Sorry if I state what you already know, but have assumed you would not have asked the question if you knew the following.

Any two dissimilar metals placed in an electrolyte (such as sea water) will form an electrolytic couple and a voltage will exist between them. If they are connected together by a conductor a current will flow through the wire or resistance because of that voltage difference.

The shore power ac earth is a metal(s) in the ground/water and your metal boat is in the seawater so there will always be a measurable voltage between them. If a piece of wire is used to connect the two then a current will flow through the wire and one metal(s) and the most "anodic" one(s) will erode. This is galvanic corrosion and is the same reaction as occurs in a battery. It seems that this is the observation that you have made - with respect to the current measured your multimeter in the current setting is effectively a short circuit from the boat to the shore earth so a current will flow through it due to the voltage between them.

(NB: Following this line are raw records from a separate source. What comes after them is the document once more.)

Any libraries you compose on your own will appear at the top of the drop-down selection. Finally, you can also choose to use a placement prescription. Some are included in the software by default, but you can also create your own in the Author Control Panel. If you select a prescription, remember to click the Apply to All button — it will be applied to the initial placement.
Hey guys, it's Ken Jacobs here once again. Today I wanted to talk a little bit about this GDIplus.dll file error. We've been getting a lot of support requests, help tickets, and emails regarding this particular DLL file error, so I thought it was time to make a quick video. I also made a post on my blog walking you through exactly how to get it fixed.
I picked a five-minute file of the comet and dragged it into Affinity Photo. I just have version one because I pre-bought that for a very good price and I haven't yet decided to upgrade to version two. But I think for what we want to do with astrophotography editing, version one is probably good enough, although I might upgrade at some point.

Furthermore, other boats nearby will be connected to the shore ac earth by means of their shore cables and so if you are connected to the shore ac earth you are connected to them too - that is you may be connected to the metals on their hull which their own shorepower cable earth is connected to and one or the other, or both of you will suffer galvanic corrosion(assuming they do not use an isolating transformer or galvanic isolator).

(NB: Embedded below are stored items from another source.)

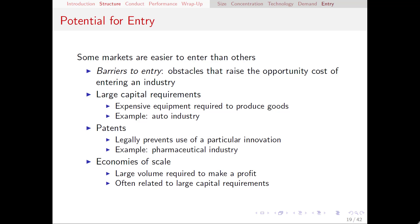Large capital requirements are a barrier to entry mostly on a practicality side, whereas patents are actually a legal barrier to entry. Patents prevent the use of a particular innovation for a fixed amount of time. Patents are very important in the pharmaceutical industry, for example, where different firms race to get a patent for a particular drug, and once that patent is secured by one of those firms, everybody else is locked out.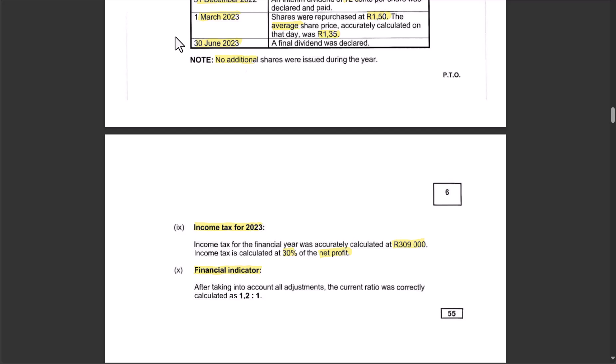After taking into account all adjustments, the current ratio was calculated at 1.2:1. Current ratio means current assets to current liabilities — if you don't know what the current ratio is, you will struggle with part of this question. Now let's go to our answers.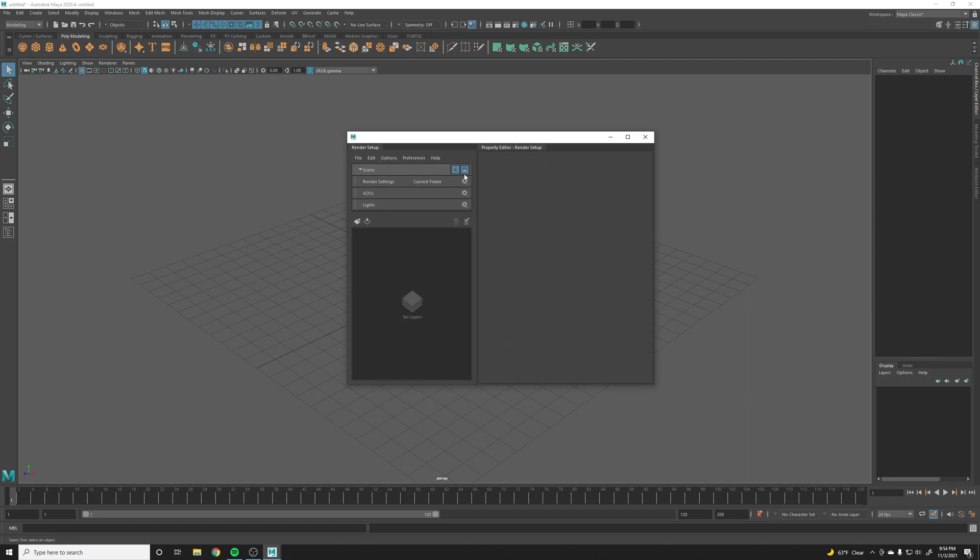Then you have the render setup. Now this is a really powerful render layer tool, in my opinion it's a lot better than the old render layers, but I can go more into that in a later video. But right now I'm just going to show you how to get the old render layers back.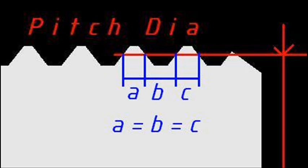Along the pitch diameter of a thread that's not tapered, the width of the screw thread and the width of the groove in between each thread is equal.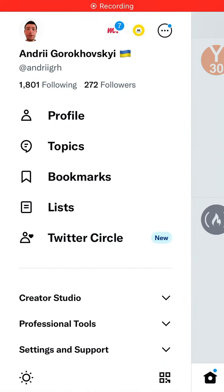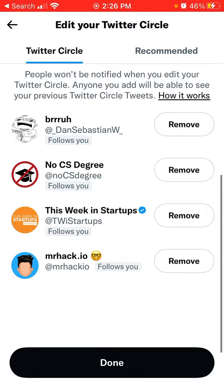A new feature from Twitter is called Twitter Circle. You can see it in your mobile app in the left sidebar. You don't need to pay for it — I didn't upgrade to Twitter Blue or anything like that. Twitter Blue is a monthly subscription service from Twitter. I discovered it when I went to create a new tweet and saw a pop-up with Twitter Circle.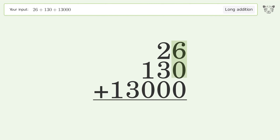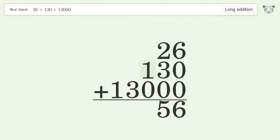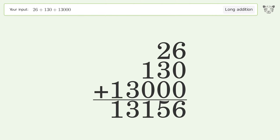6 plus 0 plus 0 equals 6. 2 plus 3 plus 0 equals 5. 1 plus 0 equals 1. Write 3 in the thousands place, write 1 in the ten-thousands place. And so the final result is 13,156.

So, as long as your boat's hull is not connected to the shore ac earth or in any other way to other metals by a conductor then you have nothing to worry about. If your boat is connected to the shore ac earth, usually through the shore ac cable earth conductor, then you must use a galvanic isolator in that conductor on the boat or else a proper marine isolating transformer. Then no current can flow and no galvanic corrosion can occur - that is what you must aim for. Do not do as some propose, disconnect your ac ground on the boat from the hull to break this current path as it is unsafe.

All the above can be easily shown in the kitchen by mixing up some salty water and putting a piece of aluminium (eg a pie dish) in it together another different metal and measuring the voltage between them (usually the other piece of metal can just be the multimeter probe itself). Similarly a current will be measured if the multimeter in ammeter mode is put between them. Take away the ammeter though and it is obvious that no current can flow (there is no conductor to complete the circuit).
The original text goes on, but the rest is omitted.